Exercise description
Copy exactly the lines of the data below that run from the line holding "To detect the" through the line holding "The installation completed", both ends included.

Materials provided
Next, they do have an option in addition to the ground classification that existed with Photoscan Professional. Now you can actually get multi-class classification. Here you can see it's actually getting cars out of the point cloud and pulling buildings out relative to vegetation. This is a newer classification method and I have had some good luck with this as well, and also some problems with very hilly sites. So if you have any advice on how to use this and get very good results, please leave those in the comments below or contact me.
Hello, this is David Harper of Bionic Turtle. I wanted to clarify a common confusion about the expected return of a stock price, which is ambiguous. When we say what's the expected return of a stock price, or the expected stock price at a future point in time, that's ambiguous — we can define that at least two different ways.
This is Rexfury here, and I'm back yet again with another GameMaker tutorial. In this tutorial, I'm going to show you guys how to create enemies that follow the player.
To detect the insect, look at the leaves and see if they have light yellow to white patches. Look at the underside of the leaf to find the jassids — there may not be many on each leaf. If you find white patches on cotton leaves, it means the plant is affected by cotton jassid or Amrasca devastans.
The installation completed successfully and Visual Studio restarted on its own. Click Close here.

--

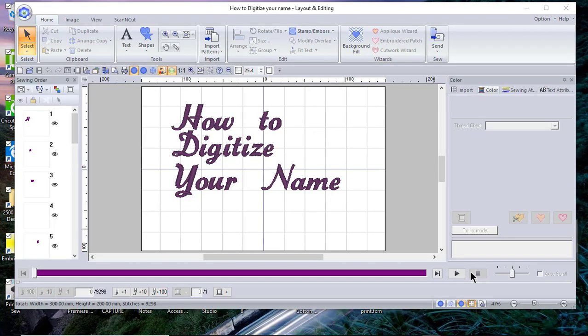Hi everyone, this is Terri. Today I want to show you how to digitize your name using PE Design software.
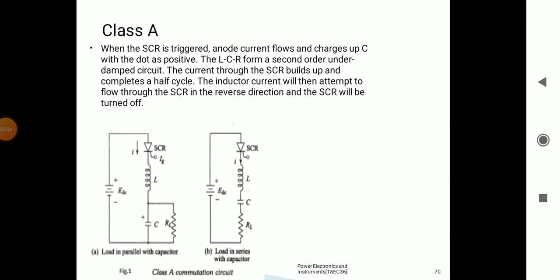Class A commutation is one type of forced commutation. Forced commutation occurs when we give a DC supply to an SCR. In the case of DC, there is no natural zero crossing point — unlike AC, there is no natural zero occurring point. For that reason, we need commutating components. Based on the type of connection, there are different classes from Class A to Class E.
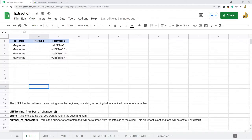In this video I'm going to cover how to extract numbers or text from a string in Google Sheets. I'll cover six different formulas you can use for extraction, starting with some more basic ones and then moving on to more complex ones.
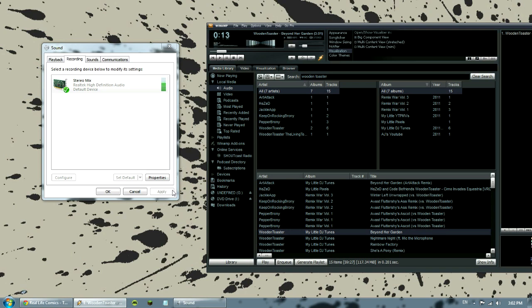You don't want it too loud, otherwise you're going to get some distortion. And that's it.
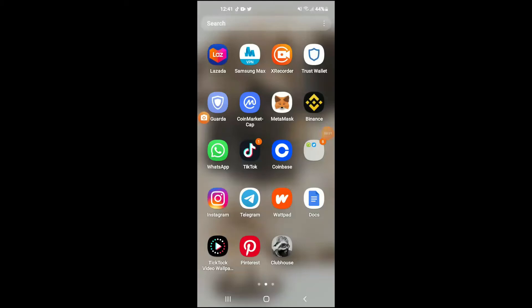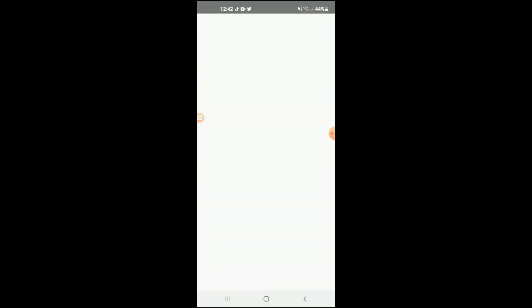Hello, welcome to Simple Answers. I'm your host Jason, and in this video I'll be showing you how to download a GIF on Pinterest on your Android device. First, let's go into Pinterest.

* * *

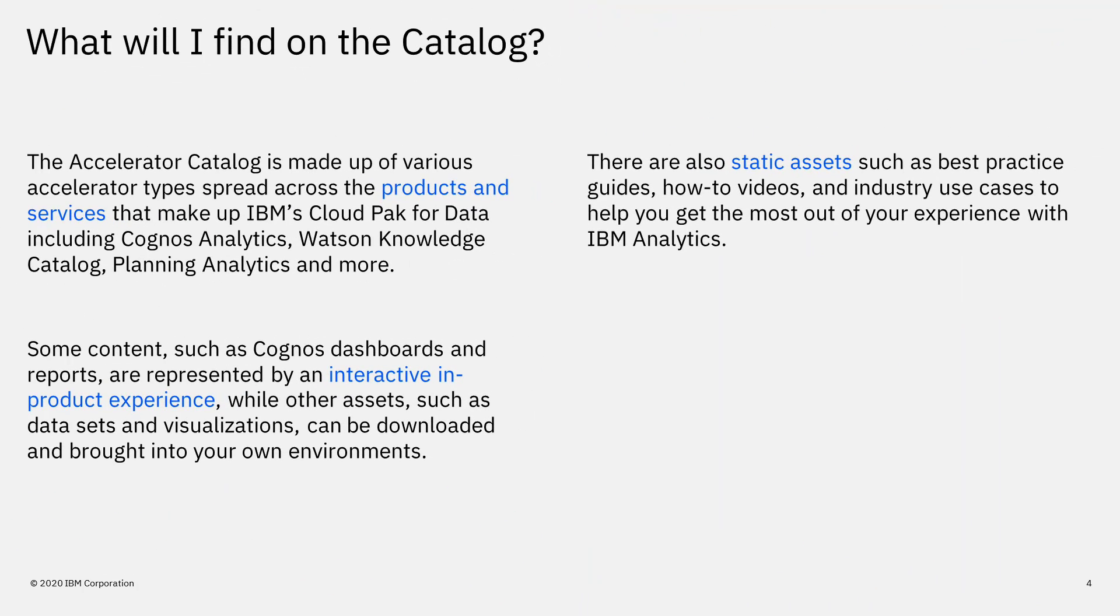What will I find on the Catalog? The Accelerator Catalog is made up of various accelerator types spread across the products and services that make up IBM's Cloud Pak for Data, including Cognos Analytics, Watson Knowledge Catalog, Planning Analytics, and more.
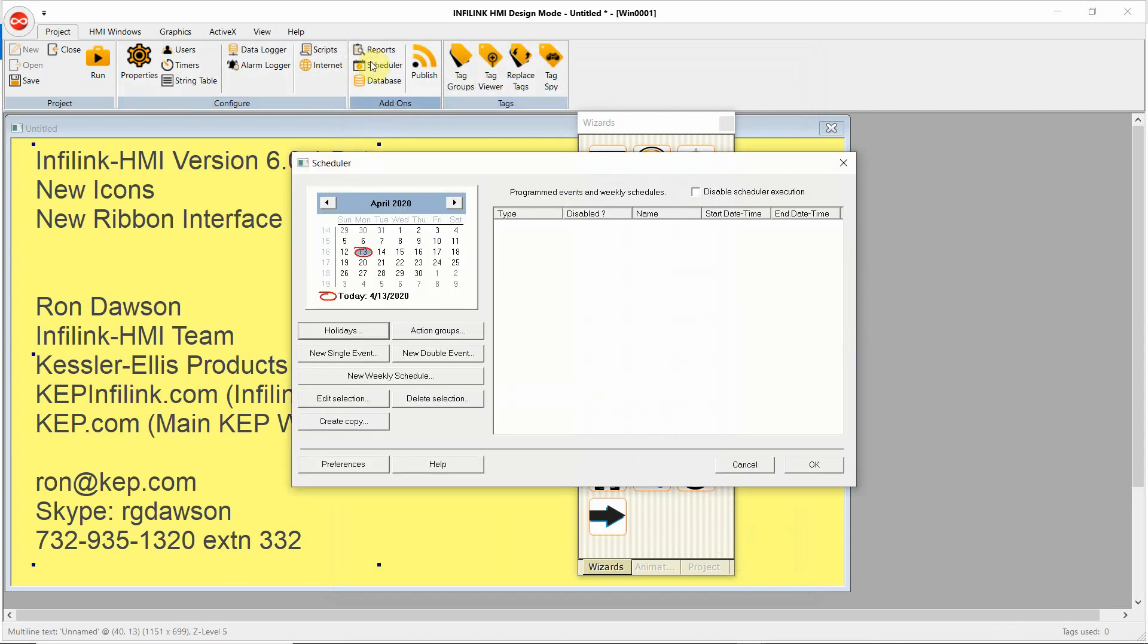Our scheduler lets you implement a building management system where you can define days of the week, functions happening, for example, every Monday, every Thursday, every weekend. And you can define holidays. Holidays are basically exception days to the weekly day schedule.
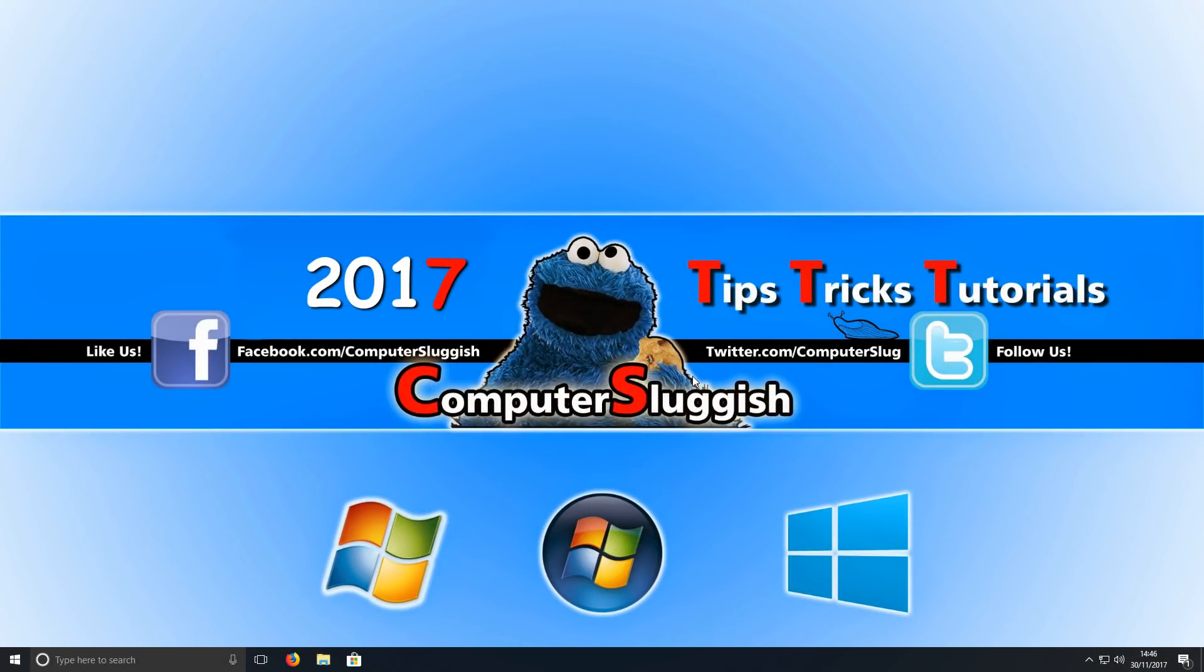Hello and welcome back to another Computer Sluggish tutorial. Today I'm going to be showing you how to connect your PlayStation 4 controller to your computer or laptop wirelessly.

Reply to the task
To detect the insect, look at the leaves and see if they have light yellow to white patches. Look at the underside of the leaf to find the jassids — there may not be many on each leaf. If you find white patches on cotton leaves, it means the plant is affected by cotton jassid or Amrasca devastans.
The installation completed successfully and Visual Studio restarted on its own. Click Close here.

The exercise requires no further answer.